Course Accessibility: How to Find LMS Platforms that are WCAG 2.1 AA Conformant?

This is the question I began to wonder as I looked for course software for my ADA Compliance Course. At first I thought I would have my choice of LMS platforms – surely education of all sectors would prioritize accessibility, right?

As I sifted through Google search after Google search and tried keyword after keyword, I started to realize that learning management system (LMS) platforms aren’t even self-interested enough to care about accessibility, let alone to provide a learning environment that’s accessible to students with disabilities.

And you can forget searching for reviews on LMS accessibility. There really aren’t any reviews for multiple reasons, one being most people don’t understand accessibility enough to write a review on the matter.

With the thousands of public education entities affected by the new ADA Title II web accessibility rule, I’m writing this guide to help schools, colleges, universities, learning centers, programs, etc. in their search for the most accessible LMS.

For more on what the new Title II of the Americans with Disabilities Act (ADA) means for public schools, read my Digital Accessibility in Education guide.

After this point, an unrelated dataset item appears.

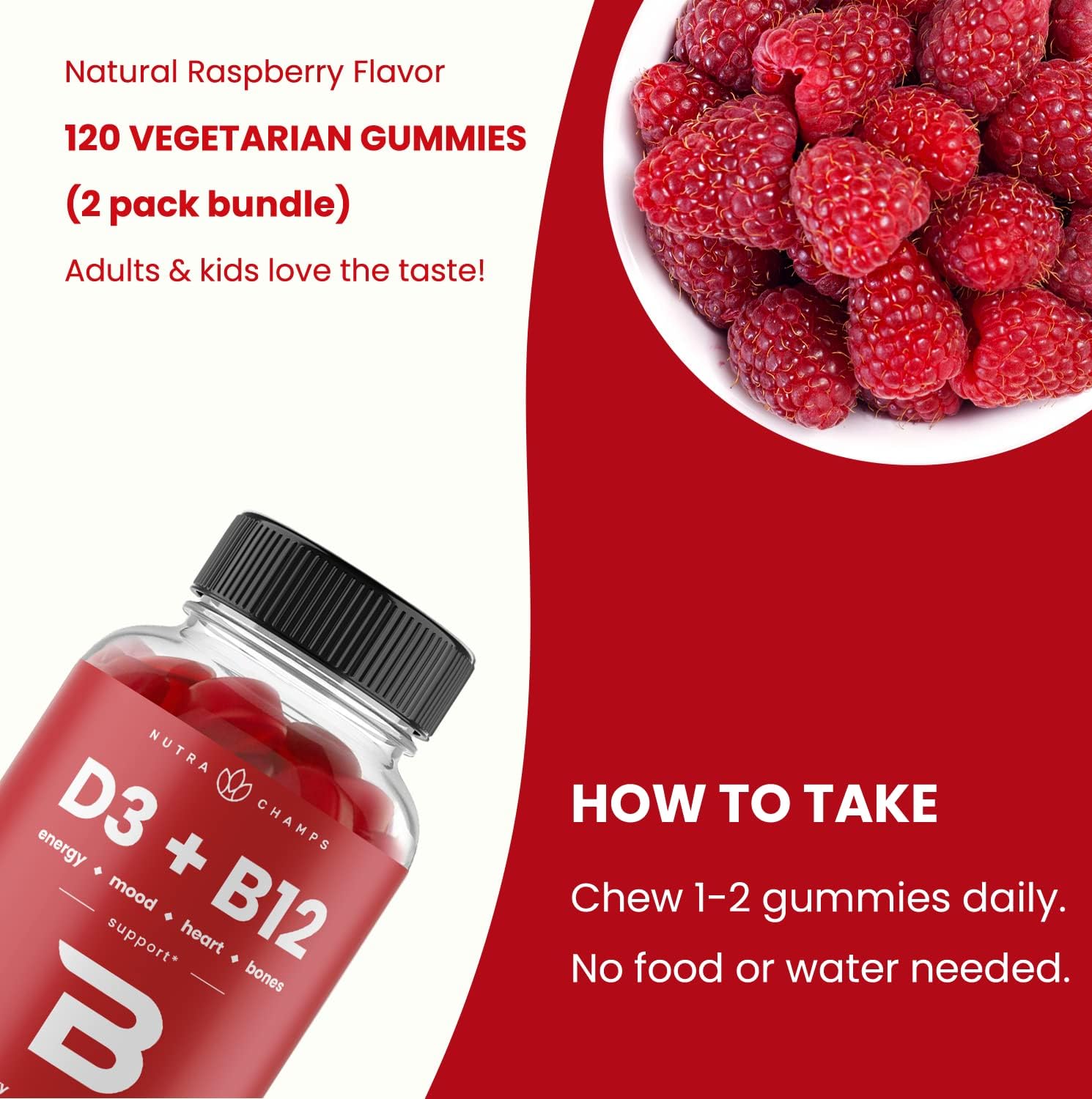 NutraChamps Vitamin D3 & B12, Methyl B12 Gummies for Adults & Kids, Enhanced with Vitamin D 3 & B9 Vitamin Folate, Natural Energy, Mood, Metabolism & Focus, Raspberry, 120 Gummies (Pack of 2) - Image 6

This first section gets into my experience with the LMS I choose – and I provide these details because my situation is not unique, it’s common. And you will very likely come across accessibility issues no matter what platform you choose.

By the way, I refer to WCAG frequently in this post. WCAG is the acronym for the Web Content Accessibility Guidelines which are technical standards for accessibility. These standards have been incorporated into many laws concerning digital accessibility.

What LMS Software Did I Choose?

After multiple searches over days, I finally came across Sensei LMS. Sensei is the WordPress LMS plugin by Automattic. Automattic is the company that owns, WooCommerce, and Jetpack.

I can’t remember everything I read and/or that was featured, but as of now, Sensei LMS’s most compelling accessibility write-up is a blog post titled, Section 508: A Checklist For 508 Compliant eLearning Sites, from November 2022.

This post includes a section titled, “Why choosing the right LMS is important for online course accessibility.” It also features the line, “Take a look at Sensei LMS’s demo site as an example of how you can create a course that’s accessible to everyone.”

After hours of research, Sensei was the only viable LMS option for me. The only other options that even addressed accessibility required a demo and I didn’t need an enterprise solution, I just needed a software I could use to make and sell courses. I looked into several alternatives including LearnDash, Teachable, and Kajabi, but all had glaring accessibility issues on their website (Teachable’s website accessibility appears to have improved, though).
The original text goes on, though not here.